By Okko Räsänen & Shreyas Seshadri, (okko.rasanen@aalto.fi, shreyas.seshadri@aalto.fi)

See configs/config_default.txt for configuration options.

NOTE: This is a very preliminary release that has not been extensively tested for stability. Use at your own consideration.

If you use this code or its derivations in a publication or other software, remember cite the following document:

Rasanen, O., Seshadri, S., Karadayi, J., Riebling, E., Bunce, J., Cristia, A., Metze, F., Casillas, M., Rosemberg, C., Bergelson, E.,
& Soderstrom, M. (submitted): Automatic word count estimation from daylong child-centered recordings in various language environments
using language-independent syllabification of speech


####################################
How to operate WCE on VM

To prepare ACLEW-format data for training and cross-validation, place your .wav files into data/ folder of the VM
(e.g., data/wavs/), and then the daylong annotation .eaf files to another folder (e.g., data/eafs/).
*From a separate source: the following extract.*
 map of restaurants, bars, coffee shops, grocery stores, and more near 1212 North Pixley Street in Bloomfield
Then

    1) Call

    /utils/WCE_preprocess.sh to carry out SAD on the data, and to derive the SAD-segment specific word counts.

    and then either

    2a)

    /launcher/evalWCE_LOSO.sh to carry out leave-one-subject-out cross-validation on the provided data (depending on the
        dataset size, this might take some time)

    or
    2b)

    /launcher/fulltrainWCE.sh to first adapt WCE module to all provided and prepared data

    and then

    /launcher/estimateWCE.sh <filenames.txt> to apply the adapted model to get word counts on new signals, where
        <filenames.txt> is an ASCII .txt file with one signal path per row.
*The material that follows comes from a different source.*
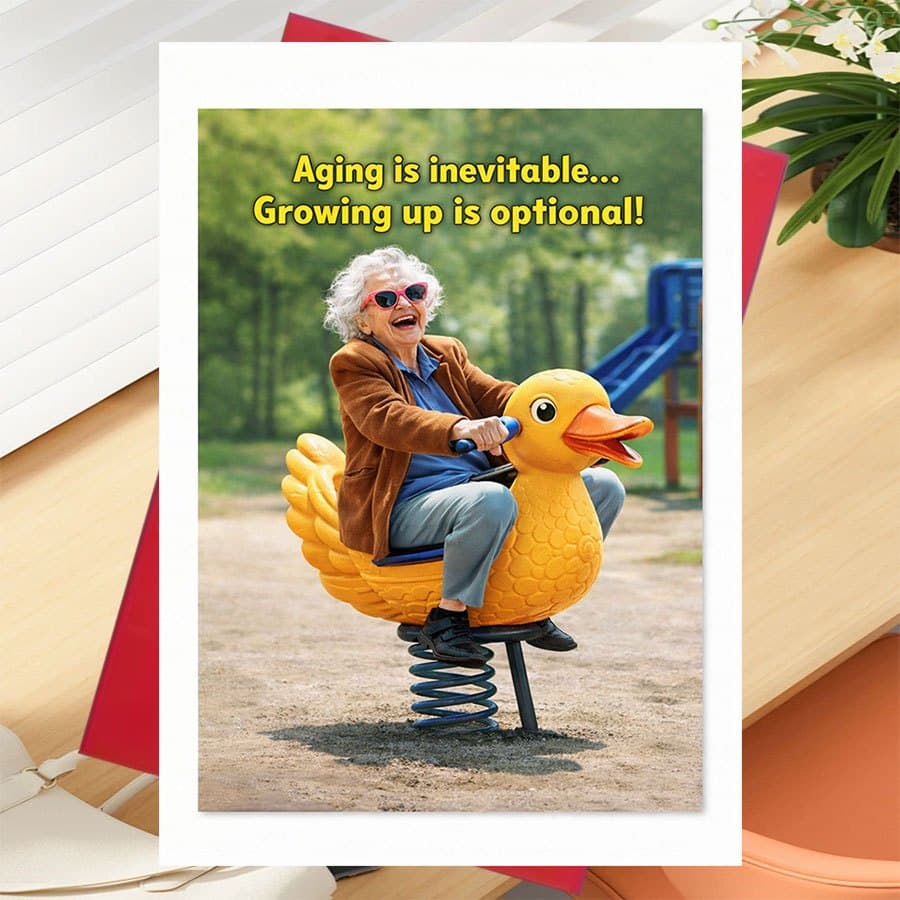 TEMU 1pc Greeting Card With Envelope Suitable For Seniors - Uplifting Message Card "aging Is But Is Optional" For Birthdays,, Milestones - Paper Card For Encouragement Gifts & Daily Positivity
You can also call (from the ~/repos/WCE_VM folder) the WCE training and testing functions directly

./run_WCEtrain.sh /usr/local/MATLAB/MATLAB_Runtime/v93/ <inputs.txt> <inputcounts.txt> <mymodelfile.mat> <configfile.txt>

where

    inputs.txt = a .txt or .csv file containing training signal .wav paths to be processed
                (one .wav per line)

    inputcounts.txt = a .txt or .csv file containing word count in each of the training .wavs
                (one per line)

    mymodelfile.mat = specify where to store WCE model resulting from the training (a .mat
                file)

    configfile = an ASCII file (e.g., .txt) containing parameter settings for the WCE, see
            configs/config_default.m for examples

and

./run_WCEestimate.sh /usr/local/MATLAB/MATLAB_Runtime/v93/ <inputs.txt> <mymodelfile.mat> <output.csv>

where inputs.txt and mymodelfile.mat are as in training, and output.csv is the location where estimated word counts are stored.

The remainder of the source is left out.